De Debre Marqos jusqu'à Jérusalem, il avait mesuré chaque kilomètre à l'aune de sa fatigue, trois mille sept cent quarante fois. Il ne se souvenait plus pourquoi il avait choisi la vie monastique, mais ne se posait plus la question du pourquoi puisque sa vie semblait être toute tracée, entre les prières du matin, les longues heures passées dans la dévotion et la méditation et les maigres repas partagés avec ses frères de prières, sur le toit du Saint-Sépulcre, à quelques mètres de hauteur au dessus du tombeau gardé par des popes protégeant et régulant les entrées dans le saint édicule.

A la foule extatique des pèlerins émus bien plus qu'ils ne l'auraient anticipé, Kidus préférait le calme de sa petite chapelle, la modestie de l'unique bougie qui rappelait le miracle auquel tous croyaient,la lumière affaiblie de l'extérieur, qui éclairait chichement les quelques mètres carrés où flottaient des souvenirs de paraboles et de sainteté.

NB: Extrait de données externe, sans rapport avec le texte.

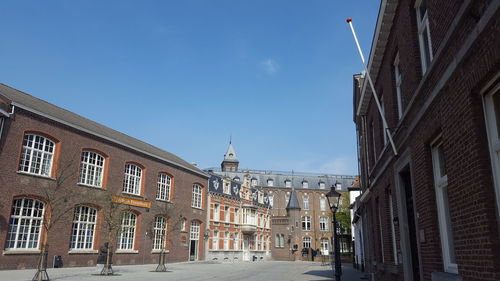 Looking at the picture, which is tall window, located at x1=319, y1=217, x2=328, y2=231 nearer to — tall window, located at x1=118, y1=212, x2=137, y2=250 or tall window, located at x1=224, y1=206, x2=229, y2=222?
Answer: tall window, located at x1=224, y1=206, x2=229, y2=222

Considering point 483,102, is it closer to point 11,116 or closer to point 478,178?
point 478,178

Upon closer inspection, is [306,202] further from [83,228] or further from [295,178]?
[83,228]

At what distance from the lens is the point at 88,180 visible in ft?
89.0

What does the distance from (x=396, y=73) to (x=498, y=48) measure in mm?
6693

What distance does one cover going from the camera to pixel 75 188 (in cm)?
2541

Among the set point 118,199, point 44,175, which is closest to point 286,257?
point 118,199

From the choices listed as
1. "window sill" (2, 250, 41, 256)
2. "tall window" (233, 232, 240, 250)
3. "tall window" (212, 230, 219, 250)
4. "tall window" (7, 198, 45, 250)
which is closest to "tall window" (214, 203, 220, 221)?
"tall window" (212, 230, 219, 250)

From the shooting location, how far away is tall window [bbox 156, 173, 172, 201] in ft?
114

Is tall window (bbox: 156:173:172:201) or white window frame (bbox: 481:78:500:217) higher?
tall window (bbox: 156:173:172:201)

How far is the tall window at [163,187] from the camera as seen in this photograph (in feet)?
114

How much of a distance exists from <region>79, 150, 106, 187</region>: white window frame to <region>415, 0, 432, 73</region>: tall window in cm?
2461

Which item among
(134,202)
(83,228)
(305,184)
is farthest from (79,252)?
(305,184)

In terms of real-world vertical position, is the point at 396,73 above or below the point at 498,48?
above

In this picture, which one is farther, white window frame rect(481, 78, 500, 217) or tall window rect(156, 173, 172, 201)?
tall window rect(156, 173, 172, 201) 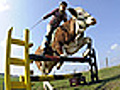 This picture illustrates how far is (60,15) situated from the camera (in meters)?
6.12

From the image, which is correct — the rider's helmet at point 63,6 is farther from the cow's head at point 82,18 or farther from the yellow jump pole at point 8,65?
Answer: the yellow jump pole at point 8,65

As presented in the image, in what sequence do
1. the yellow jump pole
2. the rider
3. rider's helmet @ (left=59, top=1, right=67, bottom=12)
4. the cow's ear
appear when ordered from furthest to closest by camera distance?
the rider
rider's helmet @ (left=59, top=1, right=67, bottom=12)
the cow's ear
the yellow jump pole

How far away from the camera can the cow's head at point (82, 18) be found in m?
4.87

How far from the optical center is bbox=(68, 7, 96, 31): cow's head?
16.0 feet

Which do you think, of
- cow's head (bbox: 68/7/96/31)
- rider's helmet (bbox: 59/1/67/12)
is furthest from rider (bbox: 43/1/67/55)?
cow's head (bbox: 68/7/96/31)

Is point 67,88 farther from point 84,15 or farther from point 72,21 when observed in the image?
point 84,15

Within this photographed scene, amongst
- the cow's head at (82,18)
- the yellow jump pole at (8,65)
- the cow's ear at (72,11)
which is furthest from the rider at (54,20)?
the yellow jump pole at (8,65)

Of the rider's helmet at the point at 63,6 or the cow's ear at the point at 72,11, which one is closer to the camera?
the cow's ear at the point at 72,11

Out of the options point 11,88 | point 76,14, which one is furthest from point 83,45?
point 11,88

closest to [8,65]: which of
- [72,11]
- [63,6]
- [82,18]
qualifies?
[82,18]

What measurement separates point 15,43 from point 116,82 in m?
4.38

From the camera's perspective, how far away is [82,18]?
518 cm

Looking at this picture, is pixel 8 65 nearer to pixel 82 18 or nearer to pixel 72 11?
pixel 82 18

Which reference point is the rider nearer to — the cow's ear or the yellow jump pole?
the cow's ear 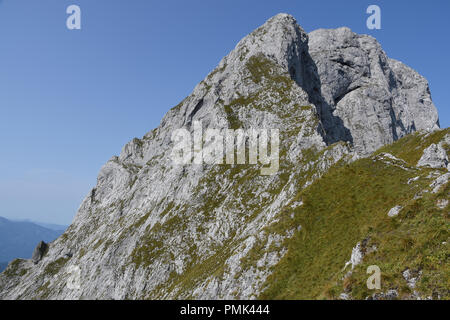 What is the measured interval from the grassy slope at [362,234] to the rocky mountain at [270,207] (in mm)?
139

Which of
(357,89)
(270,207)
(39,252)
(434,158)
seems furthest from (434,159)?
(39,252)

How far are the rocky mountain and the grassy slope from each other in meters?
0.14

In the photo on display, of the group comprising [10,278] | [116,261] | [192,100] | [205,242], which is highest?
[192,100]

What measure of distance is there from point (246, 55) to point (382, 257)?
4259 inches

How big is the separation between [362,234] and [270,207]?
26390 millimetres

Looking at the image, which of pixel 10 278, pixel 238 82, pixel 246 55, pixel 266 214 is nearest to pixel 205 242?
pixel 266 214

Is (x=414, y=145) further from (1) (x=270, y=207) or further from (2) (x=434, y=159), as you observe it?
(1) (x=270, y=207)

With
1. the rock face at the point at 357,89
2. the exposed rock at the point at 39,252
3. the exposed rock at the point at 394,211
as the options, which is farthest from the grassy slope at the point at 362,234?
the exposed rock at the point at 39,252

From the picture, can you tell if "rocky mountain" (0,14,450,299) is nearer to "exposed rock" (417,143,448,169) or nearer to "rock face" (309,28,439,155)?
"exposed rock" (417,143,448,169)

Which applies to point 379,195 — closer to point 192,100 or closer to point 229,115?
point 229,115

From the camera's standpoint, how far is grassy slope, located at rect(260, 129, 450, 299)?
18438mm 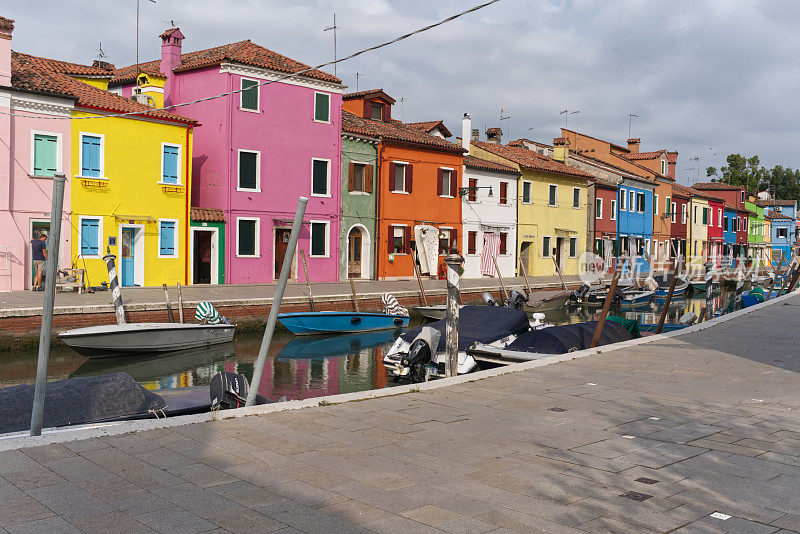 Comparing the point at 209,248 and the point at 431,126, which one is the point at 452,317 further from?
the point at 431,126

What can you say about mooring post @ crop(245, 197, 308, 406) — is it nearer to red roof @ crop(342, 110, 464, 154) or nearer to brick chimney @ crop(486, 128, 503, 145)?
red roof @ crop(342, 110, 464, 154)

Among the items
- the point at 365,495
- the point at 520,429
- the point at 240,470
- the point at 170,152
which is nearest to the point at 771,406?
the point at 520,429

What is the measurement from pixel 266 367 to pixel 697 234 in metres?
53.8

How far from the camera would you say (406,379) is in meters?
14.7

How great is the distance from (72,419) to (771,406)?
770 cm

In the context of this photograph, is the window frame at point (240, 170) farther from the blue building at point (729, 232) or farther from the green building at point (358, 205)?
the blue building at point (729, 232)

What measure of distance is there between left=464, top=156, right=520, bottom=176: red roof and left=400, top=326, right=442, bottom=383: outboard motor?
23918 millimetres

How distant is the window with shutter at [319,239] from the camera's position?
98.7 ft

Il remerciait le ciel chaque heure parce que les fidèles se ruaient vers l'intérieur du Saint-Sépulcre sans accorder d'attention à la chapelle des Ethiopiens. "C'est très bien comme cela" avait dit Kidus pendant la période de Pâques, alors que des milliers de femmes, d'hommes, et d'enfants, parlant plusieurs dizaines de langues différentes, s'étaient jetés sur la basilique, comme l'aurait fait la fameuse nuée de sauterelle qui s'était abattue sur l'Egypte.